R: Autant que Geraldine Ferraro (NDLR: candidate démocrate à la vice-présidence en 1984). C'est à dire pas très prête! Cela dit, je pense que les propagandistes démocrates ont commis une erreur en affirmant qu'on n'a jamais vu quelqu'un d'aussi peu qualifié. En fait, Palin est au moins aussi qualifiée que Ferraro. Mais si vous jetez un coup d'oeil à ce que les démocrates disaient à l'époque quand on posait cette question au sujet de Ferraro, vous verrez qu'il y a une énorme différence. Je trouve ce parti pris ennuyeux. Je ne suis pas républicain et je ne suis pas démocrate. Je déteste cette mesquinerie ambiante.
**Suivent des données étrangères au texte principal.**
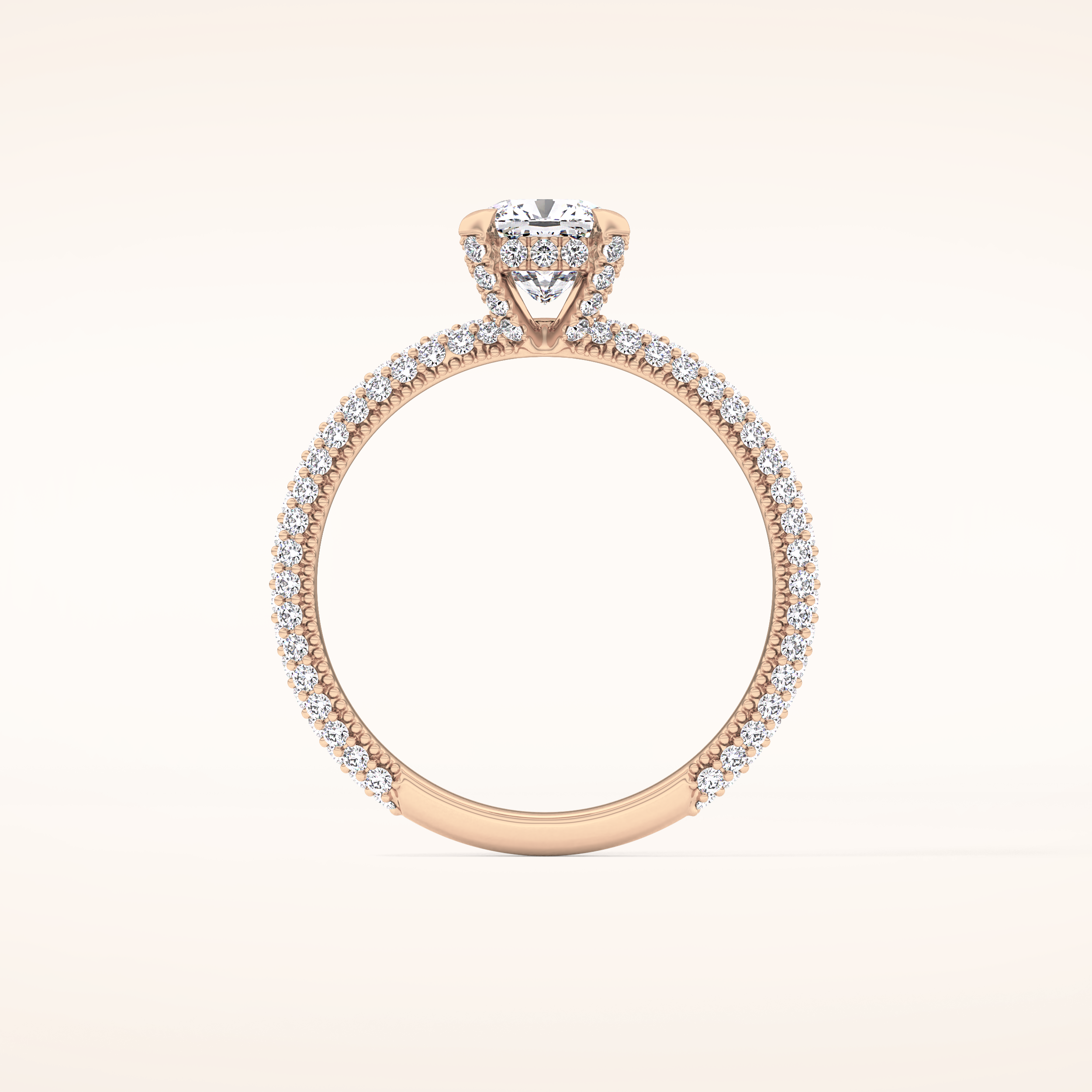 0.86 CT Cushion Shaped Hidden Halo & Pave Moissanite Engagement Ring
Q: Certains remettent aussi en question l'expérience de Barack Obama. Pensez-vous qu'il soit prêt à devenir président des États-Unis?

R: Je pense qu'aucun des candidats actuels n'est qualifié pour être président. Le sénateur McCain est trop vieux, probablement trop malade, et trop instable. Le sénateur Obama est un homme sympathique. Il est sans contredit en mesure d'apprendre rapidement, mais il a certaines déficiences sur le plan du caractère. Il n'est pas en mesure de se décider. S'il fait face à un choix, il prendra les deux options possibles. C'est très mauvais signe chez un ami, chez un collègue ou chez n'importe quel professionnel. On ne veut pas d'un avocat, d'un docteur, d'un comptable ou d'un banquier comme ça! Alors on ne veut certainement pas cela d'un président!
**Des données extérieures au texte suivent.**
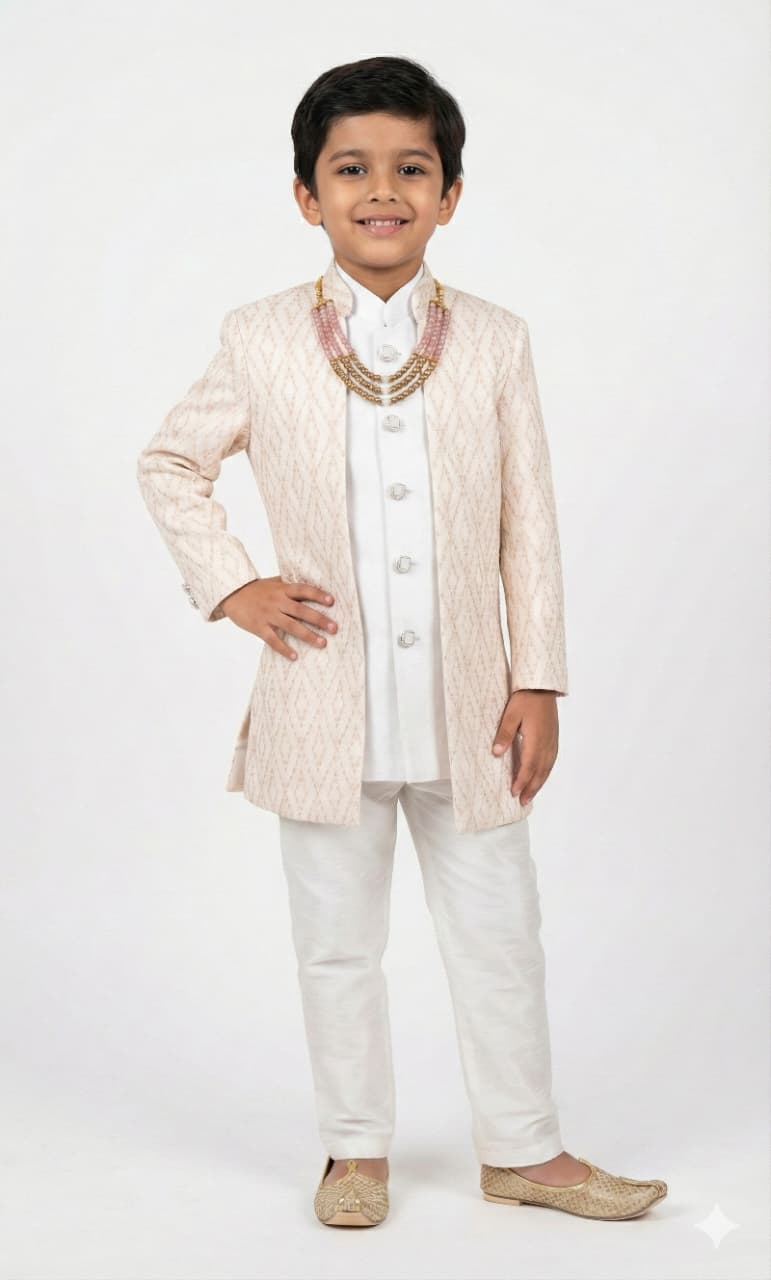 PEACH JACQUARD OPEN INDOWESTERN WITH COTY PANT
Q: La majorité des Américains ont hâte de voir George W. Bush quitter la Maison-Blanche en janvier prochain. Vous avez déjà soutenu ses idées. Êtes-vous déçu de le voir partir?

R: Il m'a beaucoup déçu. Il n'y a qu'un seul enjeu qui m'intéresse en politique. Un seul sur lequel je me considère comme assez qualifié pour me prononcer: la sécurité nationale et internationale. Dans ce dossier, je pense que le président a rallié de façon magnifique les éléments de la société irakienne qui s'opposaient aux baassistes (fidèles à Saddam Hussein) et à Oussama ben Laden. Nous avons infligé à ces forces des défaites historiques. C'est pour moi une source de fierté majeure. Et c'est pourquoi, à mon avis, le président Bush aura sa place dans l'histoire. Mais il n'a pas réglé les dossiers de la Corée-du-Nord, de l'Iran, de la Palestine, de l'Afghanistan, etc. Ce sera à ses successeurs de résoudre ces problèmes. Ce n'est pas un bon bilan.

Q: Vous avez dès le départ donné votre aval à l'invasion irakienne et vous croyez toujours, plus de cinq ans plus tard, que c'était ce qu'il fallait faire.

R: Je ne dis pas ça uniquement pour être différent, mais le dossier dans lequel la plupart des gens pensent que le président Bush a été le pire aura été son meilleur moment. C'était ce qu'il fallait faire. Bien sûr. C'était la meilleure chose à faire et c'était la seule chose à faire. Nous avons libéré l'Irak. Et à long terme ce sera à la source de changements majeurs dans la région. Ça a été un revirement très important.

Q: Votre plus récent essai est intitulé God is Not Great (Dieu n'est pas grand). Nous avons souvent l'impression, quand nous observons nos voisins américains, que la religion prend trop de place en politique. Vous êtes d'accord?

R: Vous avez raison. À mon avis, l'aspect le plus stupide, déprimant et malhonnête de la politique américaine est le fait que les candidats prétendent qu'ils croient en Dieu et qu'ils pensent que la foi est plus importante que la raison.